In the more than four hundred years that elapsed since its foundation until 1964, when Malta proclaimed its independence, Valletta's reputation was strengthened. The city was endowed with more and more fortifications, cathedrals and churches, baroque palaces, gardens and distinguished manor homes.

Sign of an old business that used to be operational next to Vitoria Gate.
Less than half of these four centuries, the nickname of humility given by the Hospitallers no longer served him well. The Royal Houses of Europe had surrendered to its pomp and splendor. They called her Superbissima (The Proudest).
46 Grand Masters, including three Portuguese
From the French pioneer Jean Parisot Valette to the present day, forty-six Grand Masters of different nationalities, the Knights Hospitaller and the Sovereign Military Order of Malta contributed to this evolution. Three of them were Portuguese. The first, Luís Mendes de Vasconcellos, exercised only six months.
António Manoel de Vilhena and Manuel Pinto da Fonseca had been in charge for a long time. They left their marks on Valletta.
The islet and the fort we passed every morning from Il Gzira were named after the second. It was Manoel de Vilhena who financed the construction of the fort on the island, at the time just called Isolotto.
The fort was completed in 1733. It would be used well into the XNUMXth century, as one of the many vital additions to the defenses of Malta and of Enjoyment assured by the Portuguese Grand Master. But his other legacy gives Valletta even more life.
We go down Triq it-Teatru l-Antik and take a peek at the cozy (only 623 seats) Teatro Manoel, inaugurated in 1732 as Teatro Pubblico.
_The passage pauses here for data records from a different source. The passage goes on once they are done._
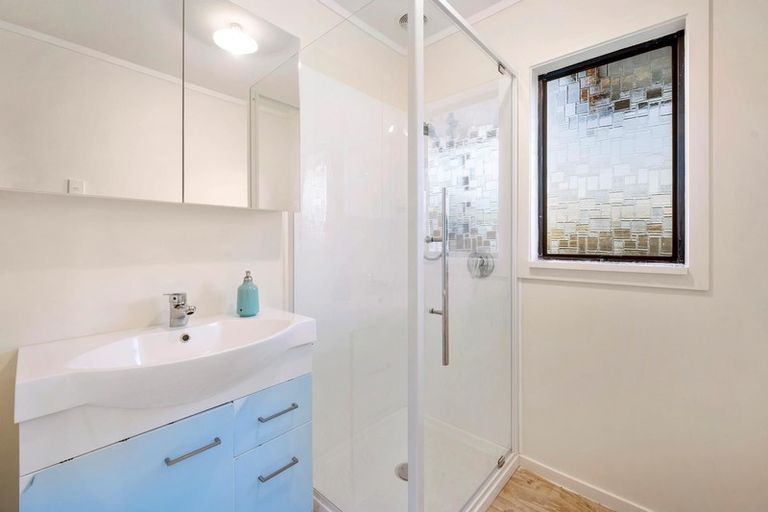 Photo of property in 105 Rangatira Drive, Mangakino, 3421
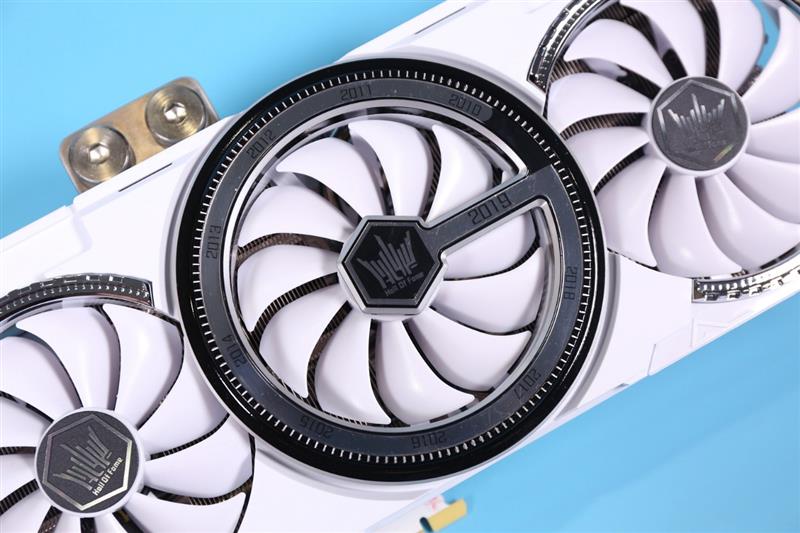 十年历程打造精致艺术品！影驰RTX 2080 Ti HOF十周年纪念版评测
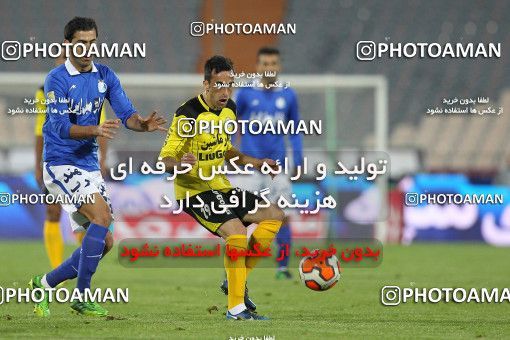 652866, Tehran, [*parameter:4*], لیگ برتر فوتبال ایران، Persian Gulf Cup، Week 18، Second Leg، Esteghlal 1 v 0 Fajr-e Sepasi Shiraz on 2013/12/14 at Azadi Stadium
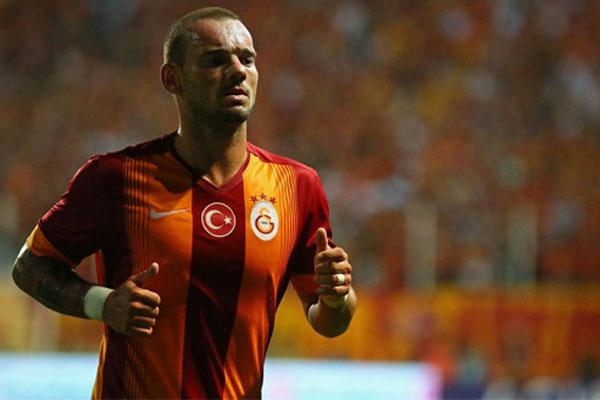 Sneijder Ocak&#039;ta imzayı atıyor iddiası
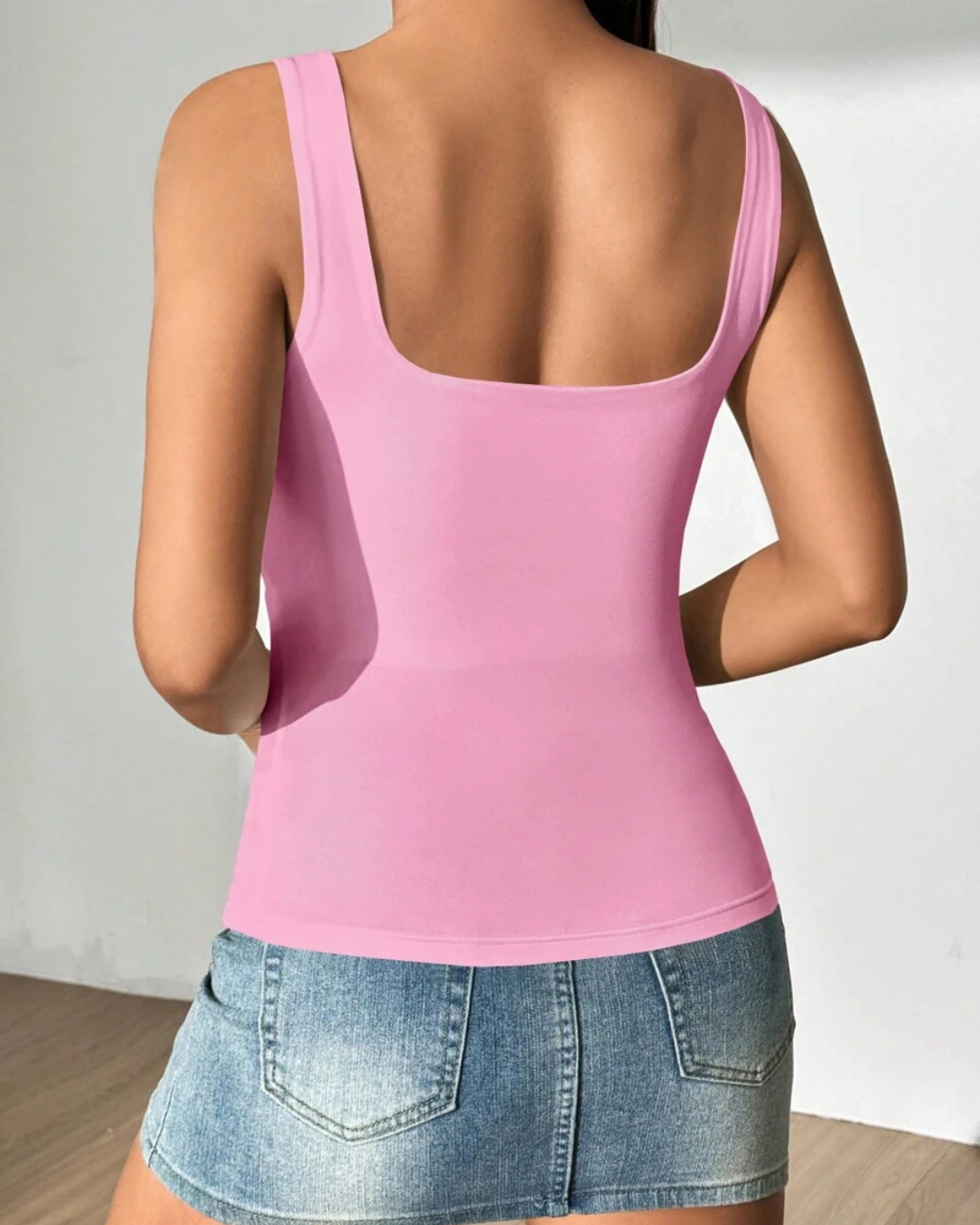 Top drept cu decolteu pătrat și bretele late (OFERTĂ 2X1)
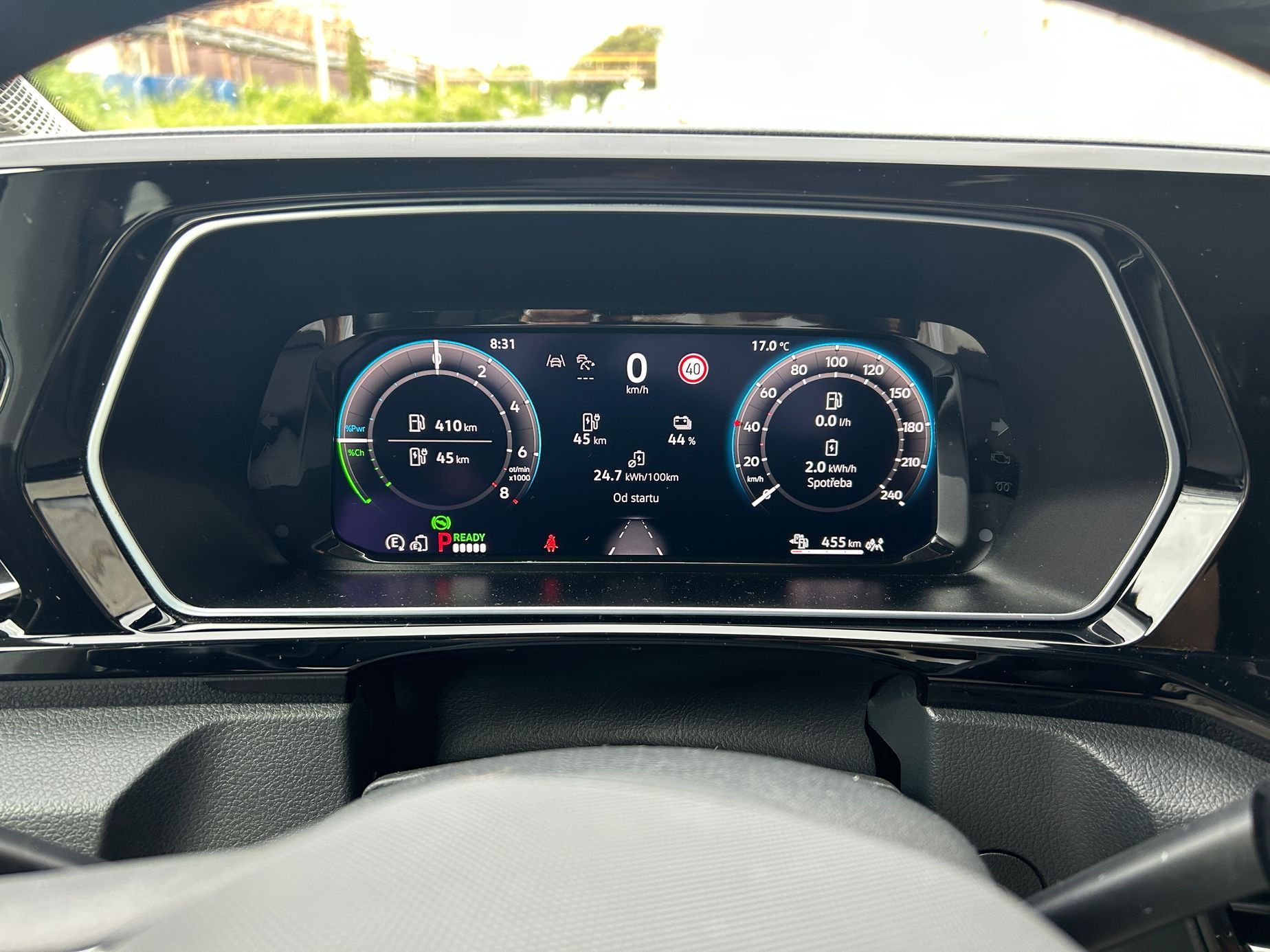 VW Caddy plug-in hybrid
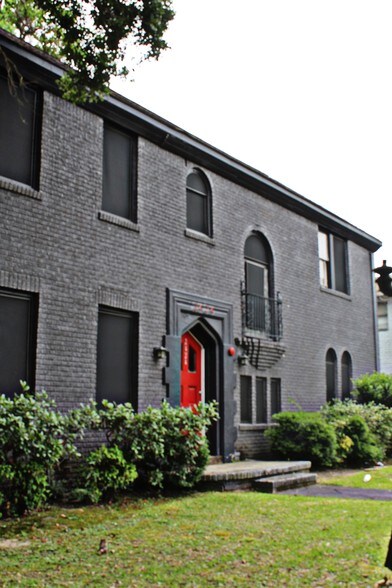 More Photos Of 2424 Southmore Blvd, Houston Medical For Lease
We are delighted to see how it withstood the centuries – and the bombings of World War II – and is considered the third oldest operating theater in Europe and the eldest of the Commonwealth.
After a long walk through Valletta, smoothed from the top of the Sceberras peninsula, we descend to the Waterfront, a leisure area full of terraces overlooking the Grand Harbor where huge cruise ships dock.
The Onerous Work of Manuel Pinto da Fonseca
This section of the Marina de Valletta was developed from 1752 onwards, by the Portuguese Grand Master who followed. Born in Lamego, Manuel Pinto de Fonseca built a church and nineteen warehouses and shops there, now occupied by bars, restaurants and outlets, better known as Pinto Stores.
In synchrony with what was happening in the Portuguese, Spanish and French Empire, Pinto da Fonseca expelled the Jesuits from Malta. It confiscated its properties and converted them into a Pubblica Università di Studi Generali, today, the University of Malta.
Several of these radical measures of his and the life he led on the island – so sumptuous that it generated envy in the noblest families – made him a good number of enemies. The fact that he led the Order of Knights Hospitaller into bankruptcy only added to the list. Pinto died in 1773 at the advanced age of 91 years.

a sailboat undulates in the Marsamxett estuary with St. Paul's Cathedral standing out from the other side of Valletta's houses
It has eternal rest where the most relevant Grand Masters Hospitallers and of Malta, the Co-Cathedral of St. John. Those who, like us, have surrendered to the small but superb Valletta know that its virtue is so great that some stain is right for it.
More information about Valletta on the respective page of UNESCO.